In a trial that lasted only a day, Ms Gu admitted that she had plotted the murder of Neil Heywood, a British businessman with connections to the Bo family. She apparently poisoned him with cyanide last November in a hotel room in Chongqing, the region of which her husband was then party chief. Ms Gu said she believed that Mr Heywood was threatening her son, Bo Guagua, following a collapsed business deal. Ms Gu’s aide, Zhang Xiaojun, who admitted helping her carry out the murder, was given a nine-year prison sentence.

 

In Jiang Qing’s case, the authorities wanted to use her trial to make clear that the days of Maoist excess were over. China’s leaders appear less keen today to highlight their intentions. Some of them are undoubtedly happy that Mr Bo has been discredited by association. His populism and ambition were seen as threatening the leadership’s stability. But Mr Bo’s name was kept out of official reports of the trial, as was any accusation of economic wrongdoing by his family. News of the case was played down in the media.

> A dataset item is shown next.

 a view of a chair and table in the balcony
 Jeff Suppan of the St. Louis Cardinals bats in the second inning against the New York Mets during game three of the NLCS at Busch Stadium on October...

China’s leaders, it appears, worry that a more open assault on Mr Bo would draw public attention to high-level corruption while also antagonising his sympathisers. There are still many of these, including within the elite. Even to Mr Bo’s critics, the trial of Ms Gu has not given much cheer. Many of China’s ever-vocal microbloggers have accused the authorities of letting her off too lightly. Some have even suggested that the woman who appeared in court was a lookalike (at her trial Ms Gu did appear plumper than in earlier photos). Questions have also been raised about oddities in the prosecution’s case, including the alleged threat to Ms Gu’s son. Officials hoped the trial would show a commitment to the rule of law. It appears to have aroused little more than cynicism.